Originally posted by JimOberg
Perfect 'fairy tale' UFO story, "long ago and far away", and thus immune to skeptical investigation, hence un-disprovable and inherently
unexplainable, and 'safe' to believe in.
What more could you want for 'UFO evidence'?
According to the UFO-researcher James Oberg, Russians have a taste for making up stories of old war and Space-heroes that can’t confime these storys as they are dead.
Originally posted by TheAssociate
reply to post by Turiddu
reply to post by JimOberg
Does it really make a difference whether it can be proven or debunked? I don't think anyone here is touting the incident as the Holy Grail. It's just an interesting, entertaining story. Lighten up.
Originally posted by Turiddu
reply to post by JimOberg
Taking place in the mysterious atmosphere of the Soviet Union during the Cold War we are left only with rumors and no hope of rational analysis.

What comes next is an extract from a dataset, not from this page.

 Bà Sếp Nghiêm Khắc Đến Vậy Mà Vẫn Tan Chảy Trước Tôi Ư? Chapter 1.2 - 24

The popularity of Soviet UFO stories play on these feelings perfectly, as they let imaginative people invent stories with no hope of them being proven or not.

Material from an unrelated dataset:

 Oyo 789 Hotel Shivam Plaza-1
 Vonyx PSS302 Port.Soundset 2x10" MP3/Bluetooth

In the Soviet Union, the authorities generally hushed up cases of unexplained disappearance of people. However, in 1991, the KGB declassified some information about an An-2 airplane, which had vanished from the radar screens thirty years earlier near the city of Sverdlovsk with seven people aboard. Soon, a rescue team in the woods found the wrecks of the disintegrated airplane. Not a trace of bodies or a drop of blood inevitably present after similar crashes was found, only a circle of unclear origin 30 meters in diameter was burnt out on the ground not far from the crash site. Later, the rescuers had to sign papers undertaking recognizance not to disclose anything they had seen.